1. The facts are fully set out by the learned Judge and we think it unnecessary to recapitulate them. It is sufficient to say that the decree in the original suit (C.S. No. 266 of 1886) made Tulja Ram Rao, the 18th defendant, accountable to the family, consisting of three branches besides that of Tulja Ram for a sum of Rs. 3,26,000 and odd. On appeal (Original Side Appeal No. 33 of 1892) he was held to be accountable for an additional sum of Rs. 1,40,000 and the half share in the Scottish Press purchased by him was declared to be family property, and it was also held that he must further account for a sum of Rs. 1,03,000 for his drawings from the press. The share of the plaintiff’s branch in the total sum for which Tulja Ram was held accountable was about Rs. 86,000. While Tulja Ram’s appeal against that decree was pending, a compromise was entered into between the parties by which the plaintiff’s father (the 2nd defendant) renounced his share of the amount decreed; the plaintiff in that suit gave up about Rs. 10,000 out of the amount decreed to him, and a widow who represented a third branch gave up more than Rs. 60,000. Tulja Ram withdrew his appeal and the plaintiff’s father entered tip satisfaction of the decree.

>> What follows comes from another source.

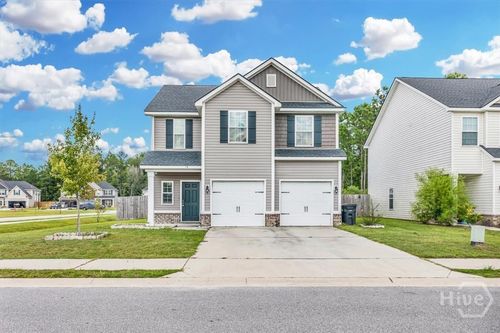 16 Cassells Rd, Hinesville, GA, 31313-1437 | Card Image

2. It is contended before us that as the plaintiff was a minor defendant in that suit, any compromise entered into by the second defendant, his father, who was her guardian ad litem, is not binding on him as the sanction of the court was not sought for and obtained. It is argued that though a bona fide compromise, by a father or a managing member of a family, of a disputed claim may, in certain circumstances, be binding on the minor members of the family, yet when the minor is a party to the suit he will not be bound by a compromise entered into by his father, appointed by the court guardian ad litem without the sanction of the court nor will he be bound by any such compromise even when a person other than the father or the guardian under Hindu Law is the guardian ad litem, because it is urged, when a guardian is appointed by a court the minor becomes a ward of court and any power which his father or any other person may have to bind his interest in any property in a pending suit is put an end to. We feel that there is a great force in this contention, and if it were necessary to decide the question we should hesitate to hold that a minor would be bound by any compromise with reference to such property without the sanction of the court.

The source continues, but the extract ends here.